The Gift of Hope
The Presentation of the Lord. Cardinal Timothy Radcliffe encourages us to look forward with hope.
The great feasts of our faith are often linked to the annual drama of the rise and fall of sunlight. Epiphany, for example, falls on the first day that the sun begins to rise earlier. The days had been getting longer for a while, but only about the feast of the three wise men coming from the east, do we see an earlier dawn.
Today’s feast, Candlemas, is half way between the shortest day of the year and the spring equinox. The winter is beginning to let go of its grip, but there is not yet much sign of the spring. The balance of the year is discreetly tipping over towards light and warmth and new growth.
In the Middle Ages, on this day Scandinavians celebrated that bears were waking up after a good hibernation, stretching their paws and thinking of breakfast. In America it is groundhog day. Snowdrops are unfurling themselves. They are also called Candlemas bells. They are the tiny, easily missed signs that spring is coming, even though it does not feel like it.
So why do we celebrate the Presentation on this day in the solar calendar? Because after Israel’s long winter, there was a first small sign of the spring for which she had yearned. The Lord comes to his Temple. But hardly anyone noticed, except for a couple of old people. In Rembrandt’s painting of the scene, the Temple is a vast gloomy building. A little group with the Holy Family is bathed in light but the crowds are unaware.
The Lord comes as an ordinary baby. He does not have a special sign or tattoo like Harry Potter. He is just like all the other babies. How is that two old people spot him? Because they had gone on hoping all through the long years. They lived through the long winter of God’s apparent absence, but did not despair. In a wonderful interview not long before his death, Carl Jung said that if the old live in the past, they die before their death. But if their eyes are open to the future, they are wonderfully alive even as death approaches.

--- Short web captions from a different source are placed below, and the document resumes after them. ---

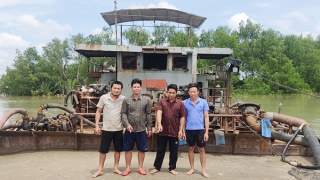 Lực lượng Công an phối hợp đánh mạnh "cát tặc" trên sông, biển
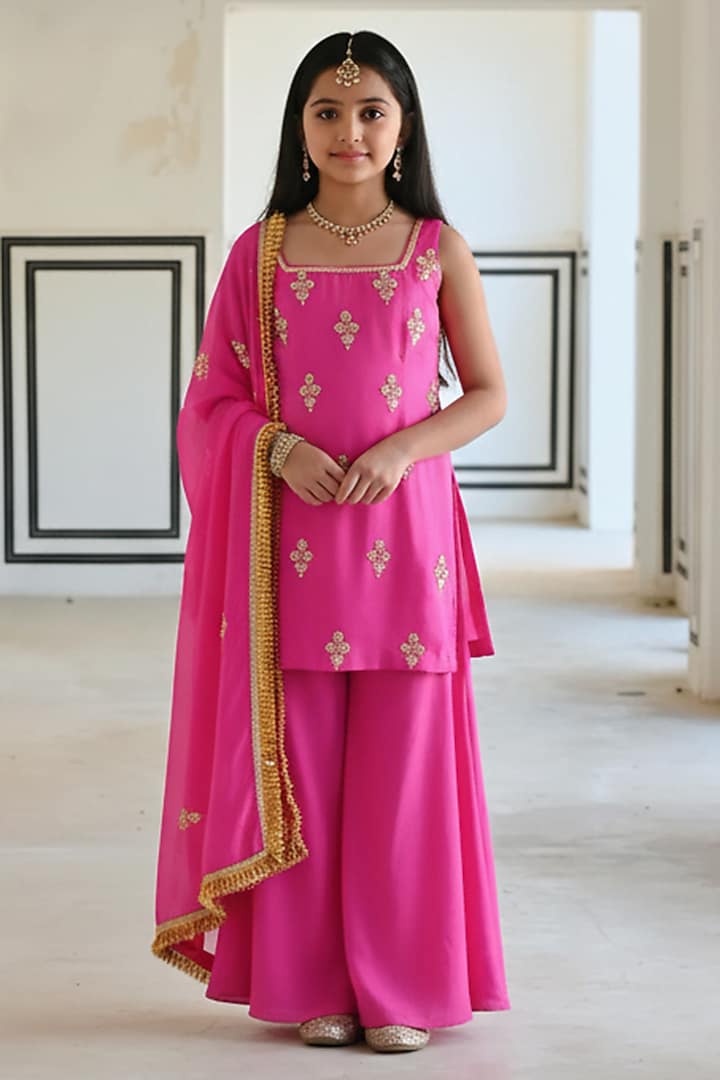 Bright Pink Raw Satin Floral Booti Embroidered Kurta Set For Girls by Ease kids at Pernia's Pop Up Shop
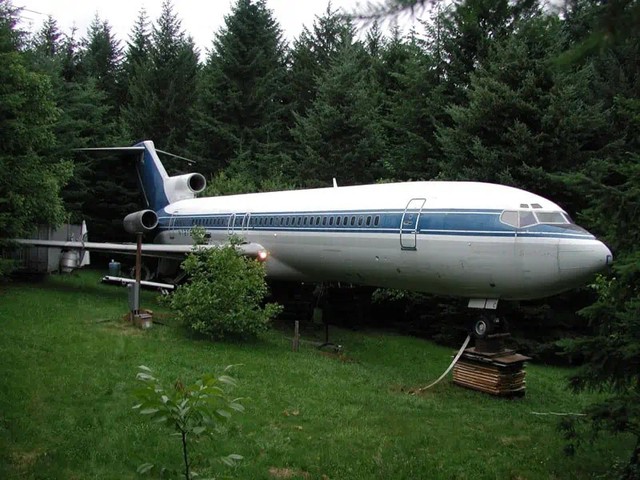 Ông cụ 73 tuổi biến máy bay Boeing cũ thành nhà, sẵn sàng đón khách đến tham quan - Ảnh 1.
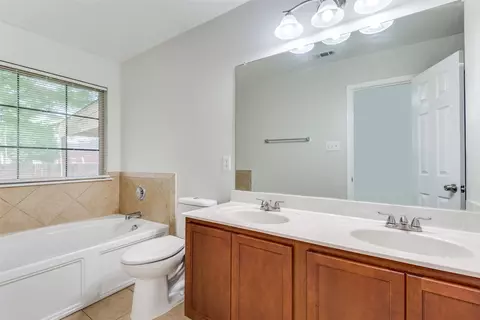Bath - 1320 Devine Dr, Lancaster, TX 75146 photo 2 of 3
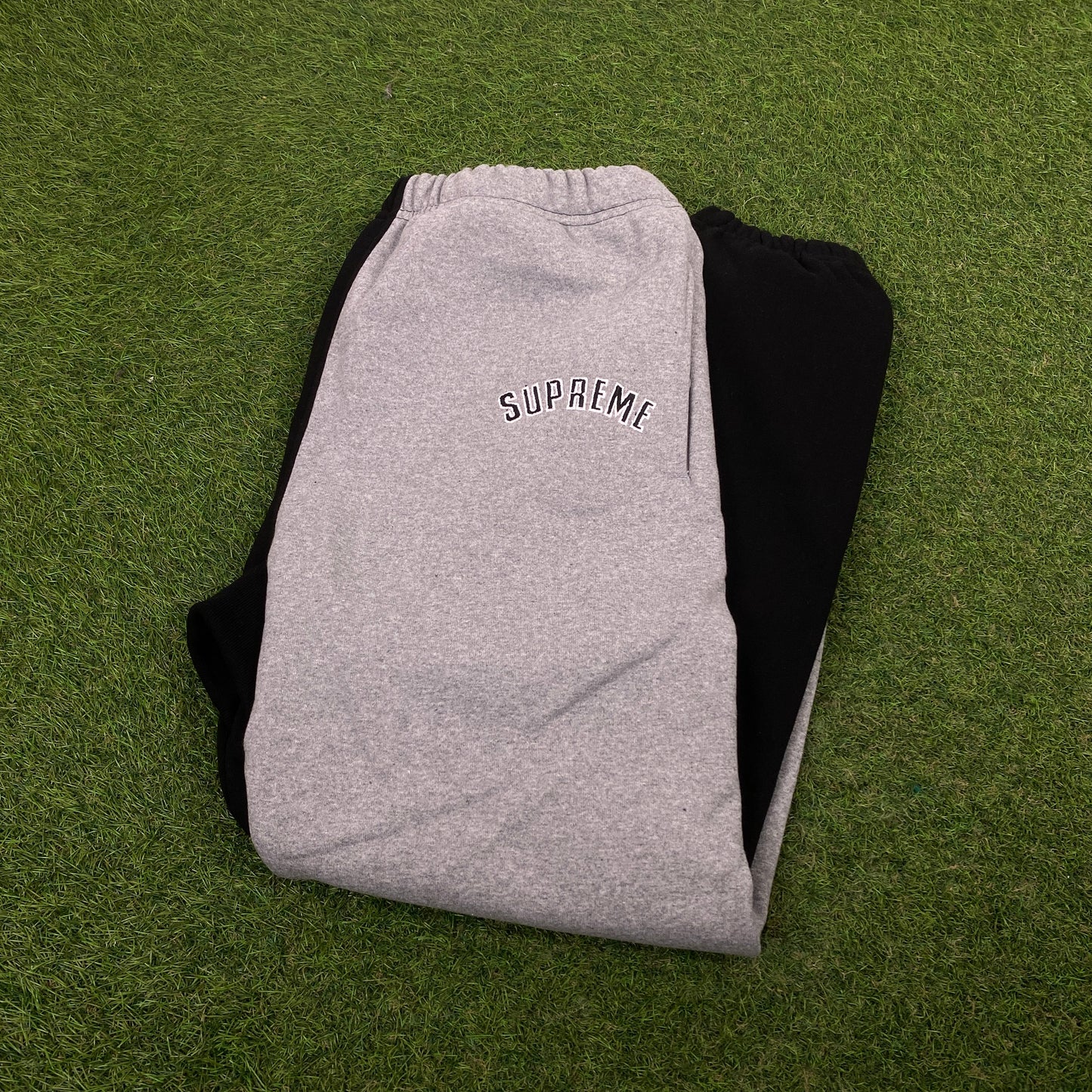 Retro Supreme Cotton Joggers Black Small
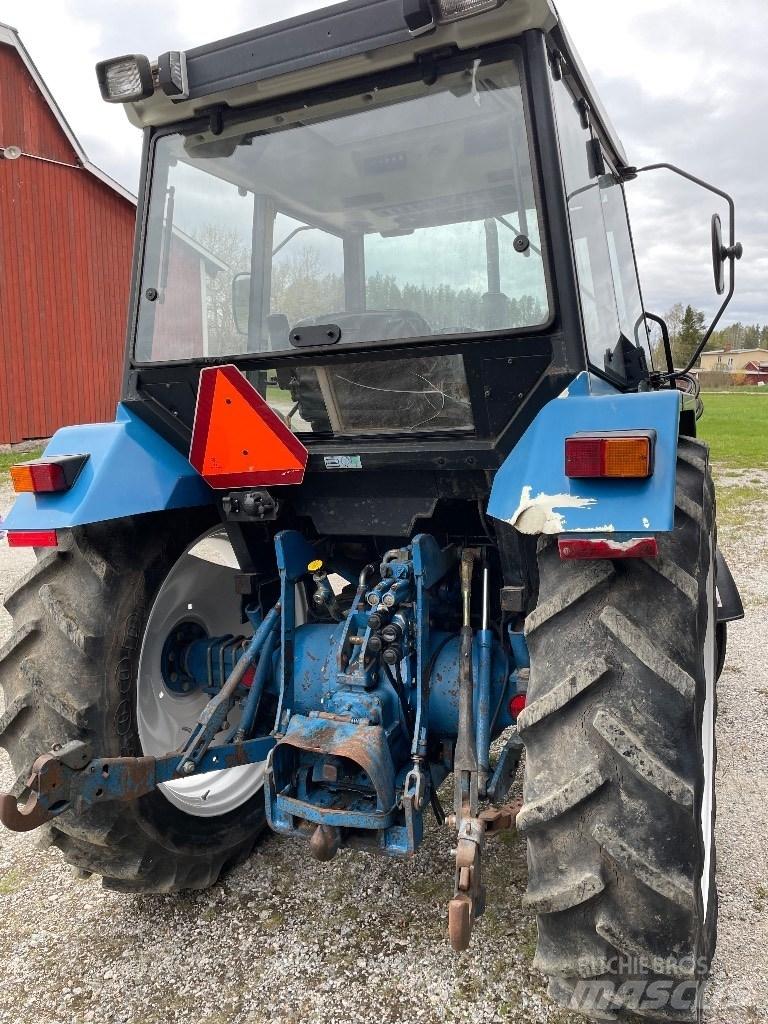 Ford 4830 Traktory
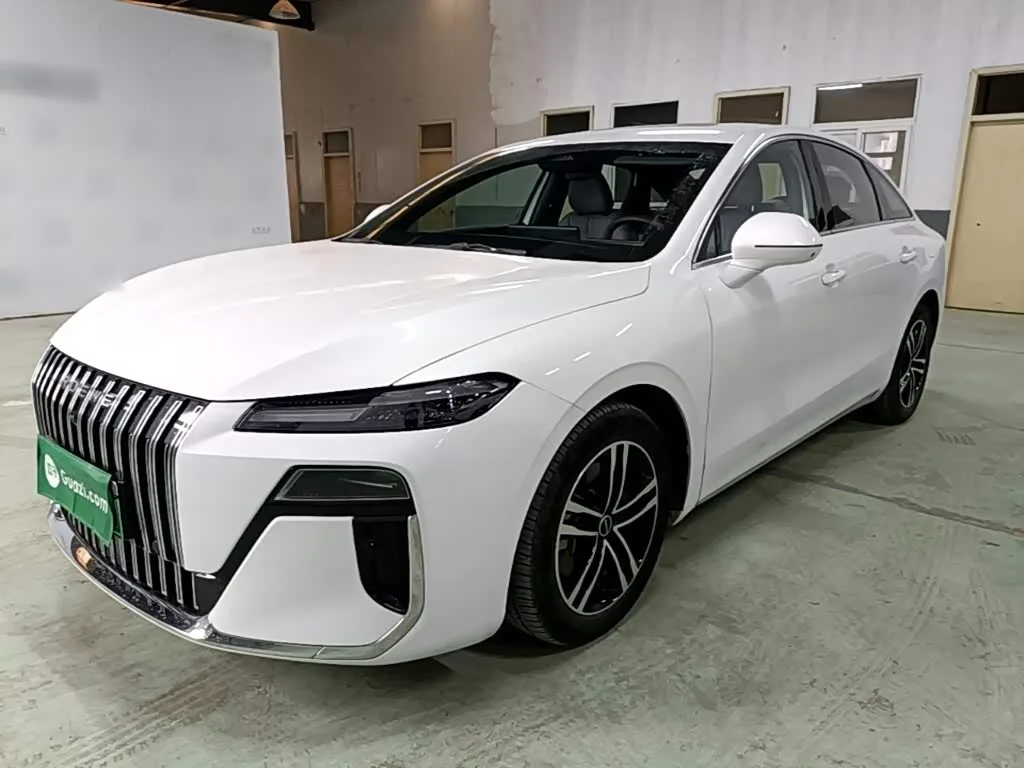 Roewe M7 DMH 2026 из Китая — купить под ключ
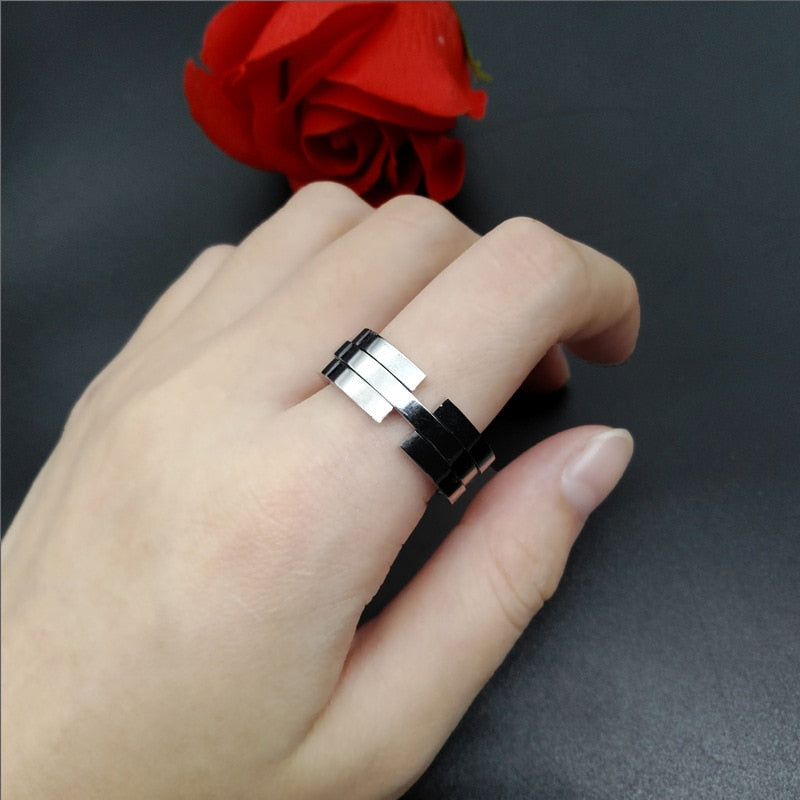 Unique Stainless Steel 'FOREVER' Kissing Fish TRANSFORMING RING to NECKLACE - Steel Chain included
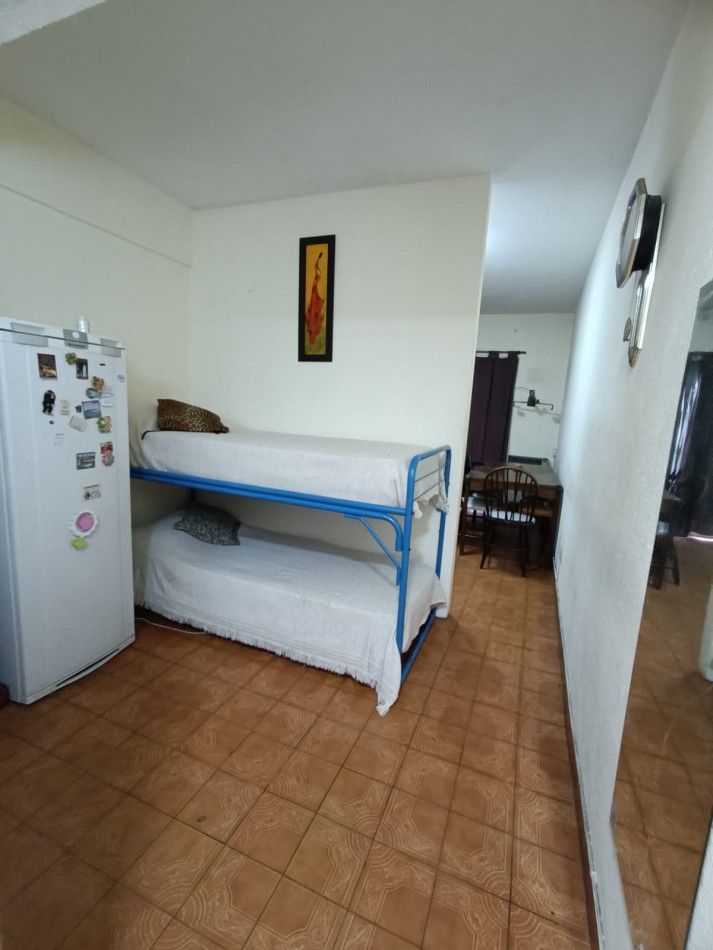 ALQUILER 24 MESES!! DEPARTAMENTO UN AMBIENTE  A LA CALLE CON BALCON SALIENTE. PLAZA MITRE
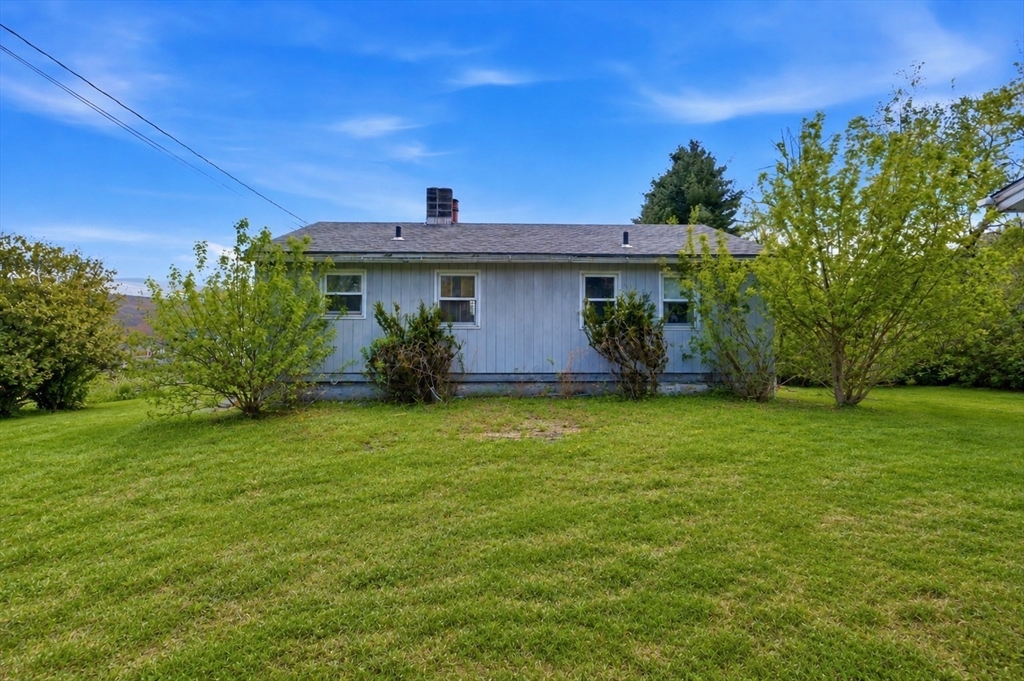 97 Luce Road Williamstown, MA 01267 - Photo 4 of 24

Simeon and Anna let themselves be surprised. God does not come as expected, as the fiery judge described by Malachi in the first reading. He comes as a gift. The presentation of Jesus is a fourfold gift. Mary and Joseph give the child to God. God gives them back their child, and they give God the sacrifice of two doves, the offering of poor people; God gives the salvation for which His people long. God’s grace frees us to be givers, even to God. So, the first sign of a new springtime is this barely visible scene of mutual gifting. If we want to see it in our time, our eyes must be open to surprising gifts.
In the Church, we have been going through a long winter too. The horrible scandal of the sexual abuse crisis; people falling away from faith. There are no obvious signs of a new spring. We are regularly told by the experts that we are living in a post-Christian country.
But if, like Simeon and Anna, we keep our eyes open and let God surprise us, we shall see God’s springtime budding. It says in the preface for Holy Men and Women: ‘You renew the Church in every age by raising up men and women outstanding in holiness.’ Already there are young people who will renew the Church, though we might not spot them. Alasdair MacIntyre, the Canadian philosopher, said that the West needed a new St Benedict. He is probably already with us.
There is probably already a new Dominic and Francis of Assisi, and a new Teresa of Avila and Mother Theresa of Calcutta but they will not be as we expect. The Lord is coming us in our winter in the gift of young people who will do things we never imagined. So when our time comes, like Simeon we can depart in peace.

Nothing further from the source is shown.